[Raw data]
%%
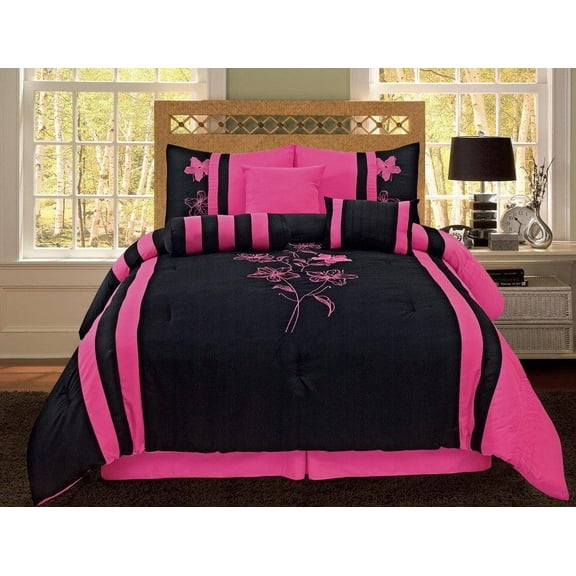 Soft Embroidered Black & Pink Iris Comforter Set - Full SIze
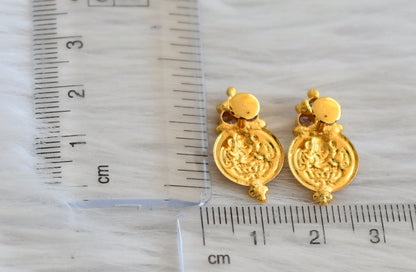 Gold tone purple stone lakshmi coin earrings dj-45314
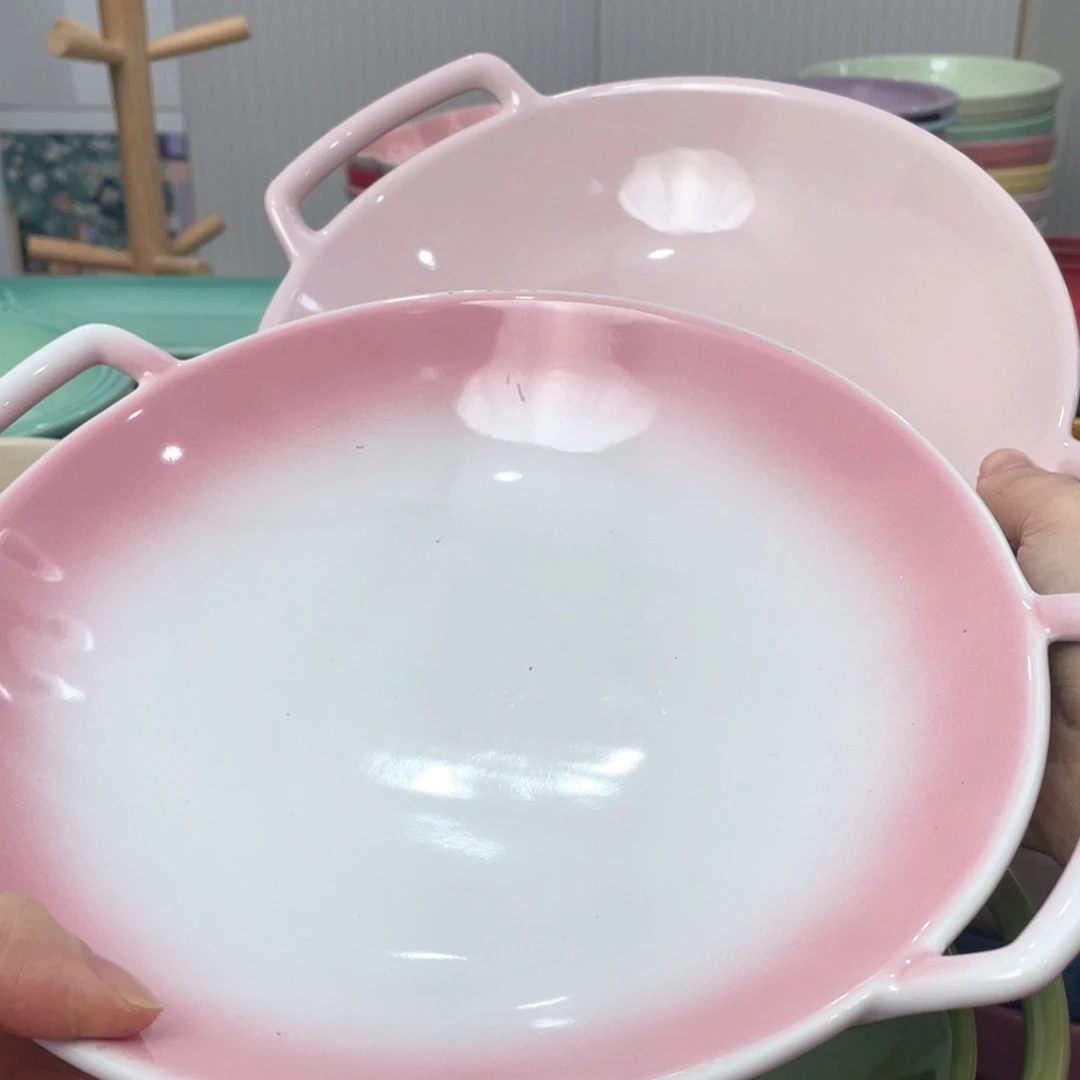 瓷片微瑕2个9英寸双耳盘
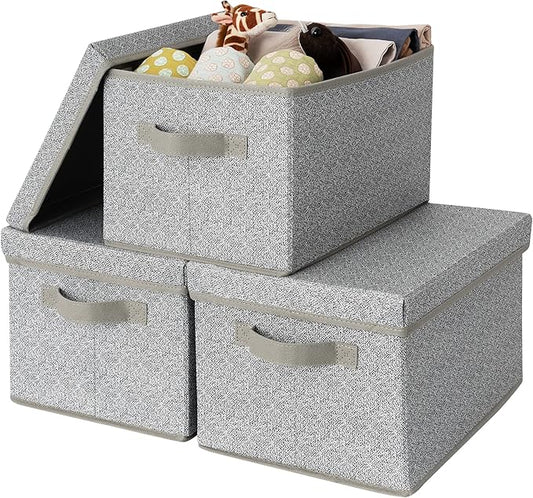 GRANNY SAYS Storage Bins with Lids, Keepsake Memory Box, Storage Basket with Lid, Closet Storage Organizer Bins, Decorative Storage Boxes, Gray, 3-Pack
%%
[Work instructions]
Output the listing exactly, pictures excluded.

[Output of the task]
 Soft Embroidered Black & Pink Iris Comforter Set - Full SIze
 Gold tone purple stone lakshmi coin earrings dj-45314
 瓷片微瑕2个9英寸双耳盘
 GRANNY SAYS Storage Bins with Lids, Keepsake Memory Box, Storage Basket with Lid, Closet Storage Organizer Bins, Decorative Storage Boxes, Gray, 3-Pack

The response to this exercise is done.